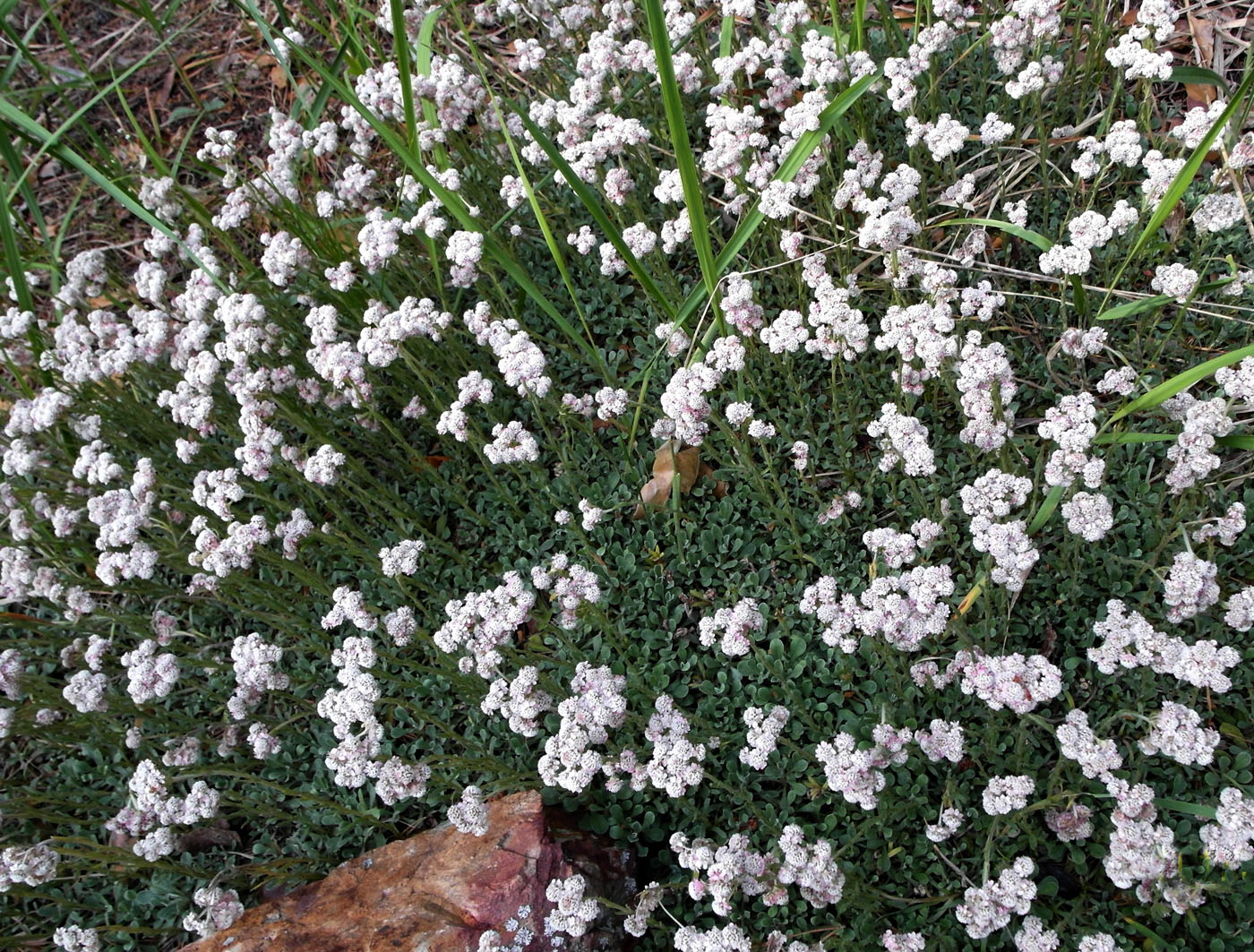 Изображение особи Antennaria dioica.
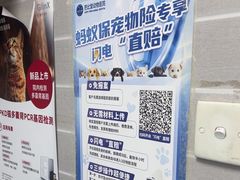-芭比堂动物医院·心脏科·老年急重症·夜诊·吉雅分院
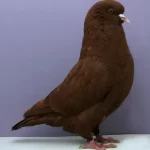 حمام الكارنيكو الأحمر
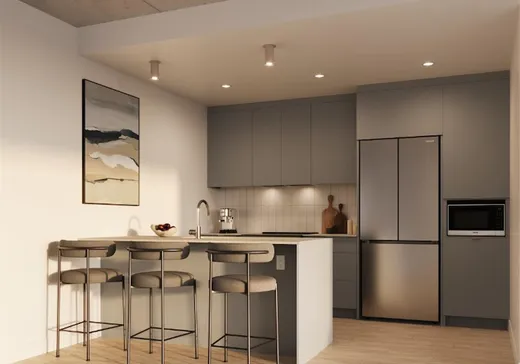 Maison à vendre - 515 Rue Heriot, App. A-105, Drummondville, J2C 1K1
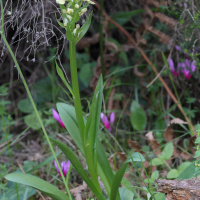 dactylorhiza_insularis1md (Dactylorhiza insularis)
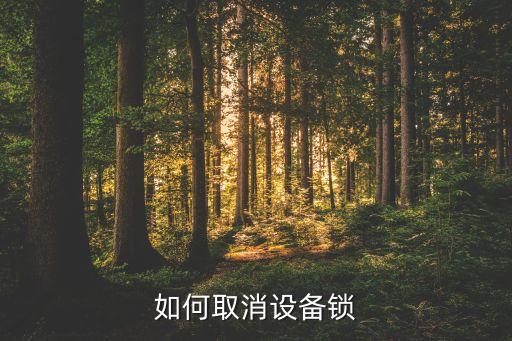 如何取消設(shè)備鎖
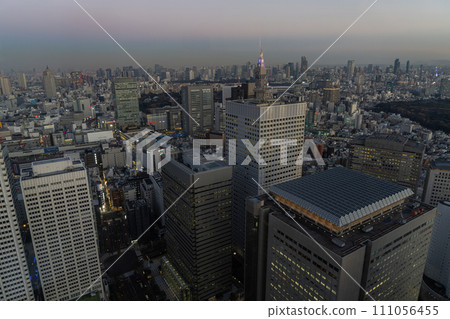 The panorama of Tokyo, Japan 111056455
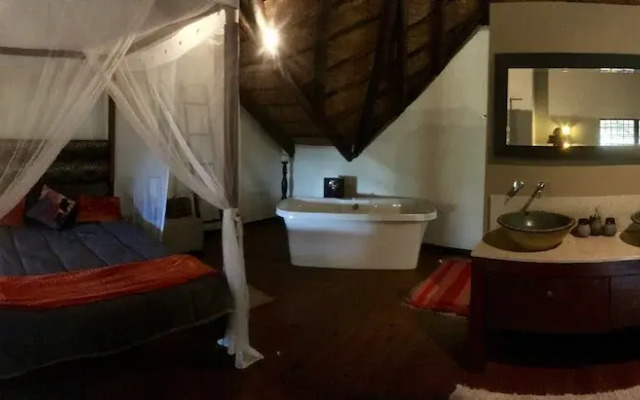 Rhinos Rest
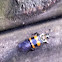 Tomentose Burying Beetle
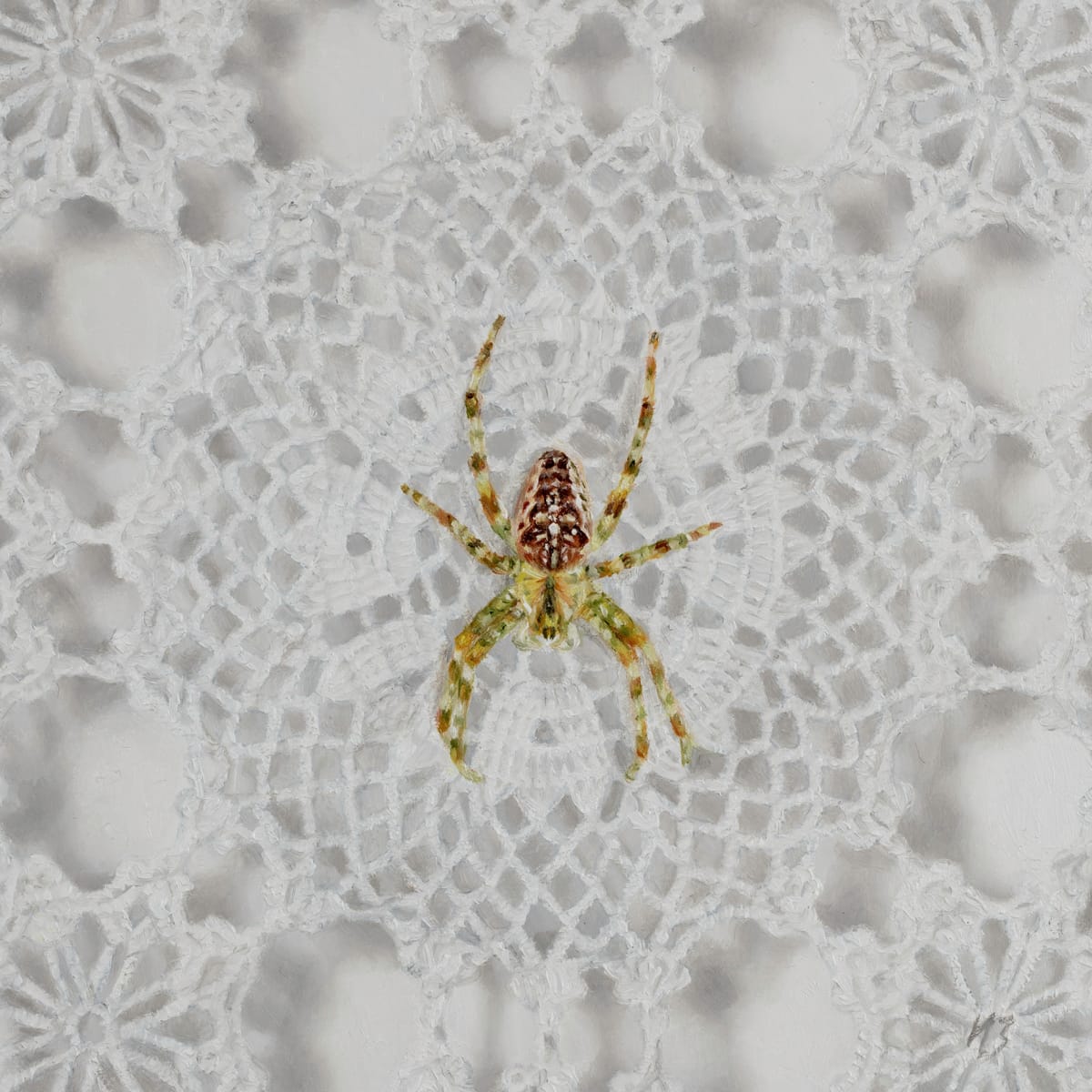 Crochet Spider by Narelle Zeller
━━━━
_The problem_.
Output only the lines from the start of the data through the line that holds "Rhinos Rest". Keep them exact and leave the pictures out.

_Written answer_.
 Изображение особи Antennaria dioica.
-芭比堂动物医院·心脏科·老年急重症·夜诊·吉雅分院
 حمام الكارنيكو الأحمر
 Maison à vendre - 515 Rue Heriot, App. A-105, Drummondville, J2C 1K1
 dactylorhiza_insularis1md (Dactylorhiza insularis)
 如何取消設(shè)備鎖
 The panorama of Tokyo, Japan 111056455
 Rhinos Rest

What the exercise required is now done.